Custom dashboards for E-commerce: SEO overview
Today I will talk about a custom dashboard that gives you an overview of SEO for your e-commerce website.
To use this dashboard you need to set up e-commerce tracking in Google Analytics first. You can find more detailed information about how it is done here.
The main objectives of this custom dashboard are:
- to help you keep track of how your e-business performs in the search engines, and
- focus on the products and keywords that have the greatest potential and require lower investment in terms of time and / or money.
Widget 1: Visits from organic search results
This widget displays the total number of users that found your site through a search in any of the search engines. Visits from other channels, such as paid search like AdWords, are filtered out.
Widget 2: Revenue from organic search
Here you can see how much your website earns from the visitors who come there through organic search.
Widget 3: Completed transactions from the organic search
The number of transactions / orders executed by the visitors who found your site in organic search.
Widget 4: Most Popular Search Engines
This pie chart shows which search engines drive the most traffic to your site. It shows only the organic (or “free”) visits: traffic type is set to “organic” (= “organic”), which filters out such traffic as AdWords / CPC traffic.
Widget 5: Keywords with largest revenues
The table contains 10 words responsible for the highest product revenue during the selected time period. The conversion rate in this table will almost always be higher than average since this widget is sorted by highest revenue.

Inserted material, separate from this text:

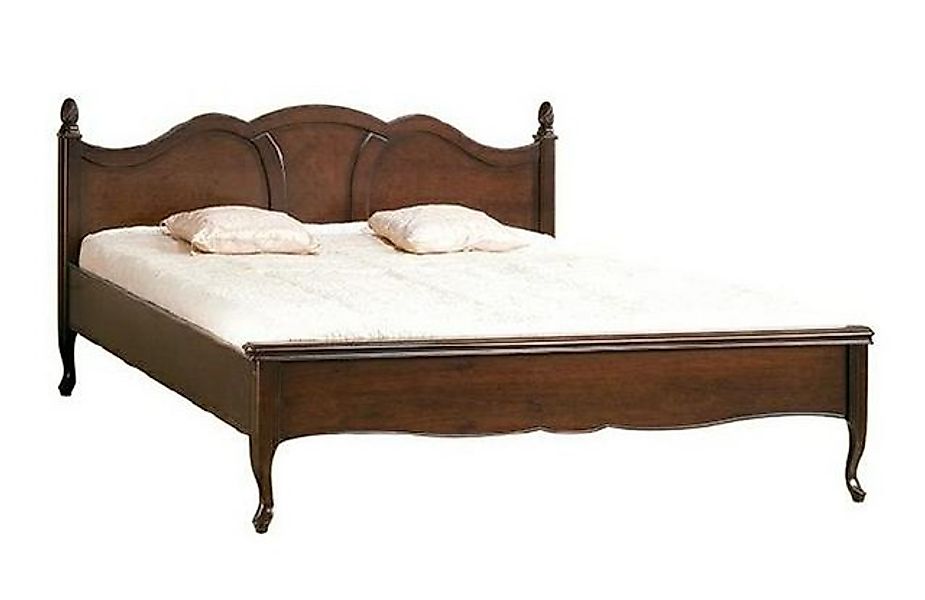JVmoebel Bett Klassisches Doppelbett Betten Leder Textil Echtes Antik Stil günstig online kaufen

Widget 6: Keywords with largest average order
Visits originating from keywords in this table result in the highest average order value. You will need a fairly large amount of data before this table has some form of statistical significance.
Widget 7: Visits and revenue by channel
This widget shows how many visits and revenue comes from organic search and how it stands in relation to other channels such as paid search or social networks.
Widget 8: Most popular keywords
This widget will help you to see the top 10 keywords that visitors type into a search engine’s input field before clicking “search” and then clicking on your particular web page in search results. The column “Per Session” tells you how much income each visit for each of these search terms has generated – on average.
Widget 9: Internal search terms
The prerequisite for this widget is that you set the tracking of internal search (how people use search on your site) in Google Analytics. The table shows what people are looking for on your site. Many searches and a low number of transactions for a particular keyword or phrase can give you inspiration for the supply of the products you can expand.
Here you can download the template for SEO Overview dashboard.
How to set up Site Search
Site search must be set up for each reporting view in which you want to see user search activity. To set up Site search for a view:
- Sign in to your Google Analytics account
- Navigate to a view in which you want to set up Site search.
- Click View Settings
- Under Site Search Settings, set Site search tracking to ON.
- In the Query Parameter field, enter the word or words that designate an internal query parameter, such as “term, search, query”. Sometimes the word is just a letter, such as “s” or “q”. Enter up to five parameters, separated by commas.
- Select whether or not you want Analytics to strip the query parameter from your URL. This strips only the parameters you provided, and not any other parameters in the same URL.
- Select whether or not you use categories, such as drop-down menus to refine a site search.
If you select No, you are finished. Click Save Changes.
If you select Yes:
- In the Category Parameter field, enter the letters that designate an internal query category such as ‘cat, qc’.
- Select whether or not you want Analytics to strip the category parameters from your URL. Note that this strips only the parameters you provided, and not any other parameters in the same URL. This has the same functionality as excluding URL query parameters in your Main view: if you strip the category parameters from your Site Search View, you don’t have to exclude them again from your Main View.